Enquanto não volta a plantar, o agricultor traçou uma estratégia para seguir em contato com os clientes.
Ele resolveu comprar hortaliças de outros produtores e revendê-las na região, algo já feito em menor escala antes da catástrofe. Para realizar as entregas, Scheibel decidiu financiar um novo “caminhãozinho”.
A clientela dele é composta principalmente por redes de mercados no município vizinho de Lajeado, o mais populoso do Vale do Taquari, com 96,7 mil habitantes.
“Não quero mudar de atividade. Minha família já trabalha há 40 anos com isso, contando o meu pai. Hortifrúti é um mercado que tem venda”, declara.
Conforme Scheibel, a enchente deixou um prejuízo estimado em cerca de R$ 1,2 milhão, considerando as perdas de plantação, maquinário e outros bens.
O agricultor erguia uma casa do jeito que sonhava havia sete anos, ao lado da moradia dos pais. A construção ficou de pé e serviu de abrigo para a família durante a enchente de maio.
Scheibel, seus pais, sua esposa e sua filha de quatro anos aguardaram resgate de helicóptero por três dias na parte superior do imóvel.
“É ruim perder a plantação? Sim, é ruim.
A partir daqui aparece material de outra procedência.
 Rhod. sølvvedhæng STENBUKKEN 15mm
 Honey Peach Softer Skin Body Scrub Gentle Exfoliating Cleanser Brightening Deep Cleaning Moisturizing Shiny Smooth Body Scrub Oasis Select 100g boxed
Mas a aflição mesmo é ficar três dias ali em cima da casa”, relata o produtor.
“É desesperador: você vê a água subindo e não sabe se a sua casa vai embora ou não. Achava que não era possível ficar sem dormir sem tomar remédio, mas fiquei três noites sem dormir, com os nervos à flor da pele. Só dava para ouvir o barulho dos tocos das árvores batendo.”
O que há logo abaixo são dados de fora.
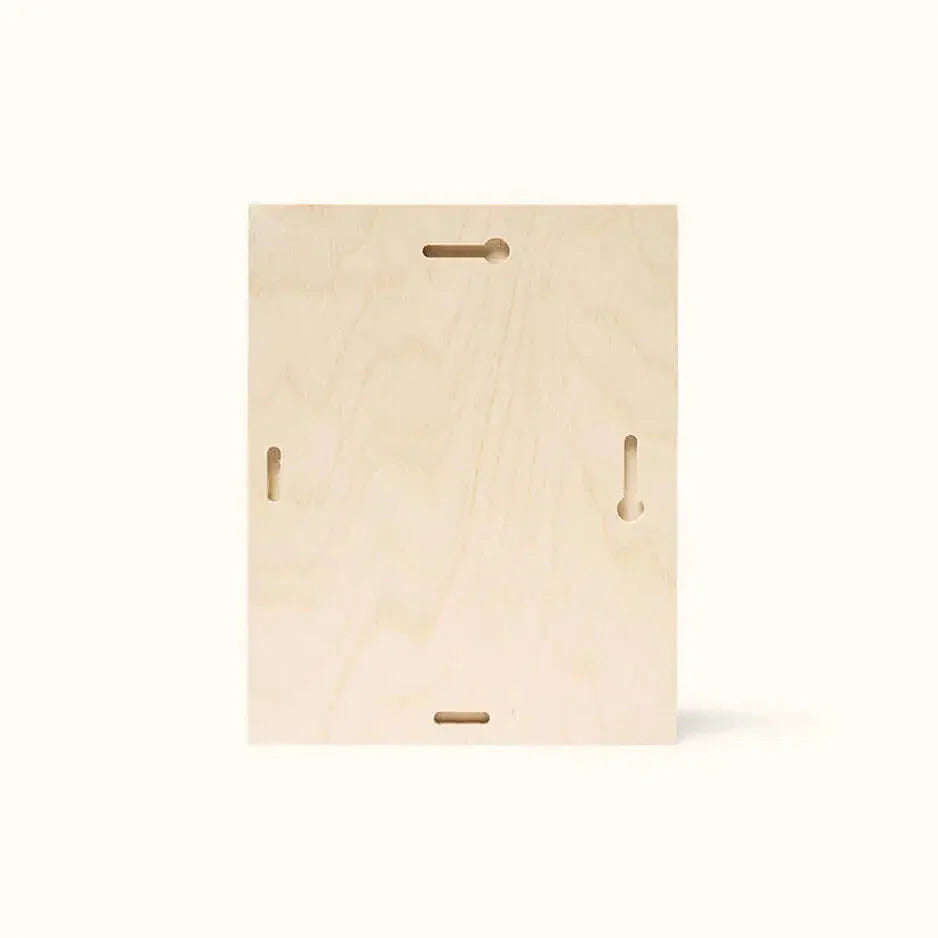 Wooden board with slots and a hanging hole, perfect for a vintage wood print display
O produtor deseja concluir a construção da casa no futuro, mas o plano da família é morar em um endereço mais alto e afastado do rio.
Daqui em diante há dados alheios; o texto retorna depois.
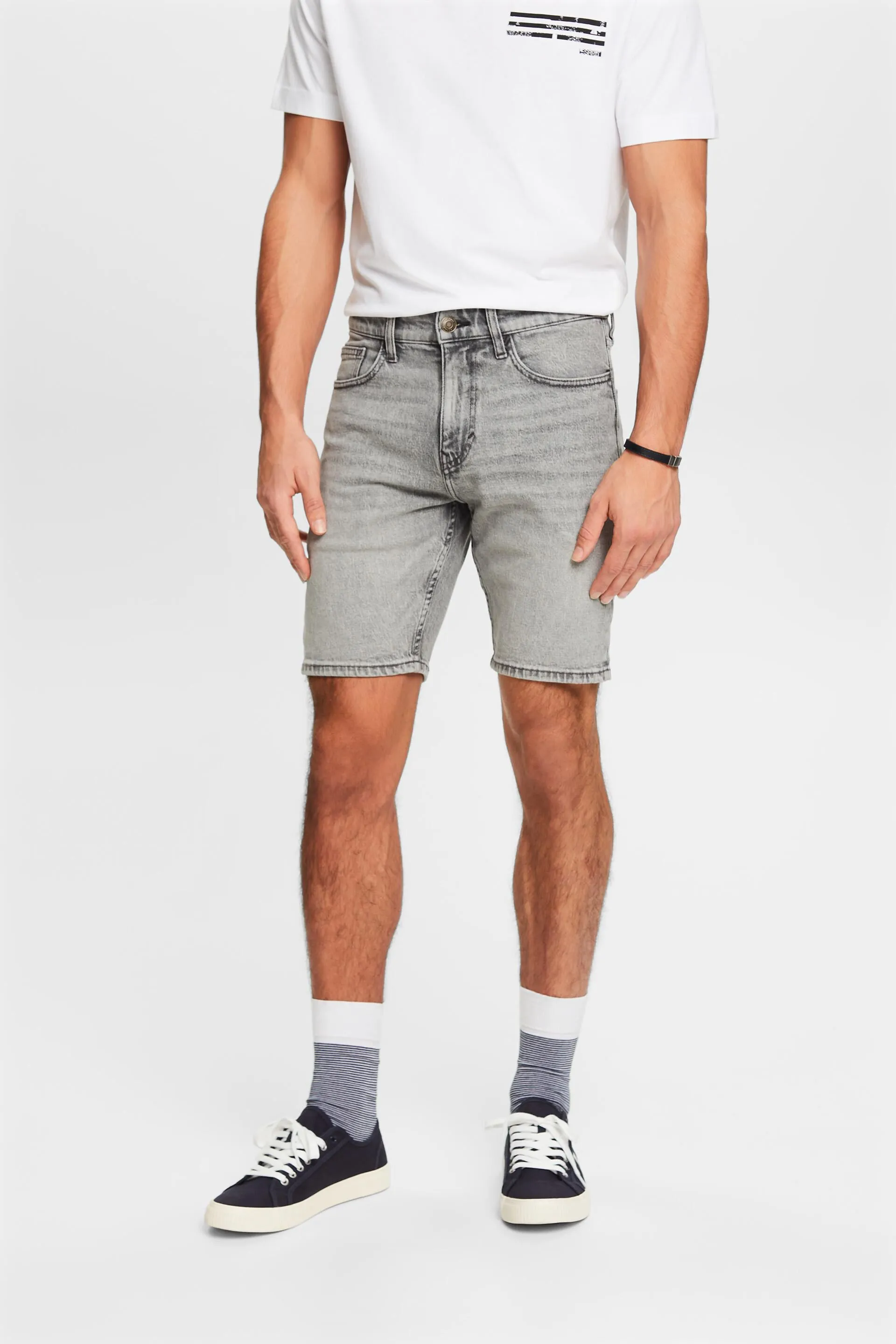 Shorts in denim slim fit a vita media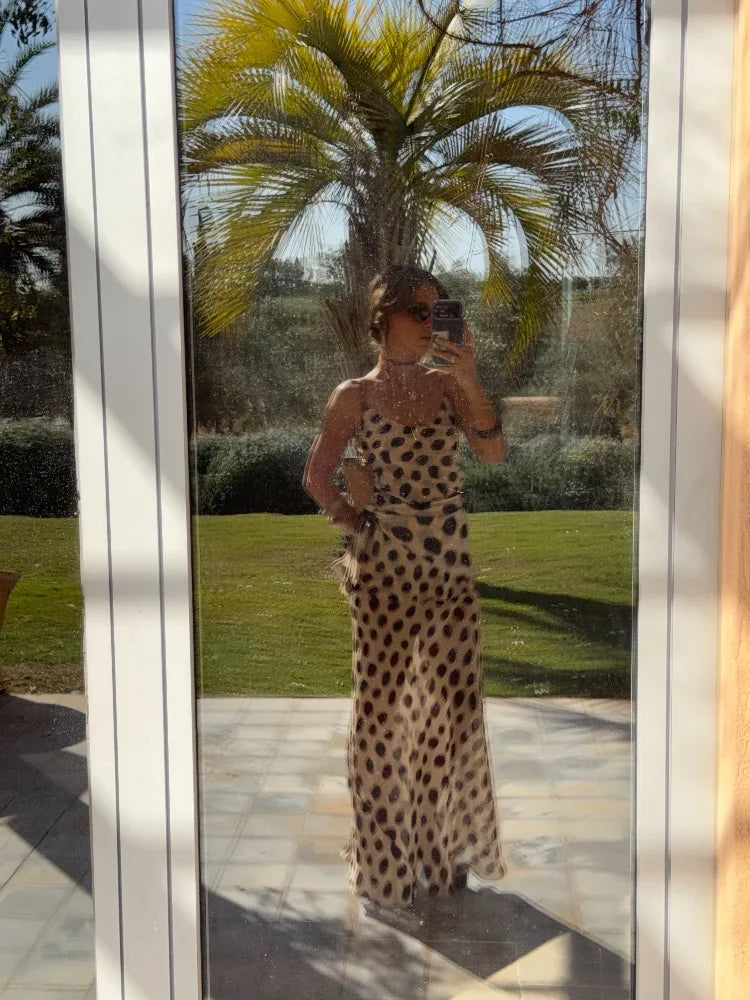 Summer Vacation Sexy Polka Dot Print Sling Maxi Dress Women Elegant Lace-up V-neck Sleeveless Backless Dresses Beach Party Gowns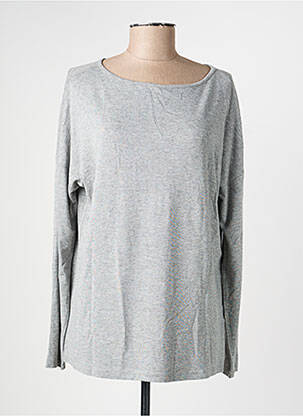 Top col rond manches longues gris YEST femme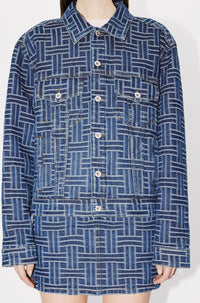 Kenzo Weave Trucker Jacket - Medium Stone Blue Denim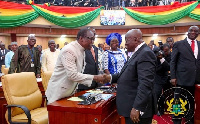 President Nana Akufo-Addo (right) shake hands with Alban Bagbin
Assim, a propriedade rural seria destinada apenas para a plantação e momentos de lazer. Após a enchente, Scheibel e os parentes foram para uma casa emprestada de um amigo.
“Duas mulheres ajudavam no trabalho aqui, e uma faleceu, a funcionária mais antiga. Era como minha segunda mãe. De todas as perdas que tivemos, essa é a que mais me emociona. Não acredito e até hoje não me conformo”, lamenta o agricultor.
Dizer ‘tchau’ é muito difícil, afirma produtor
Enquanto produtores gaúchos como Scheibel pensam na retomada, ainda há aqueles que não sabem o que vão fazer após as enchentes, apesar do desejo de retorno para o campo.
É o caso de Vilson Imhoff, 56, que vivia da produção de leite em Colinas, município de 2.474 habitantes que também fica no Vale do Taquari, a 120 km de Porto Alegre.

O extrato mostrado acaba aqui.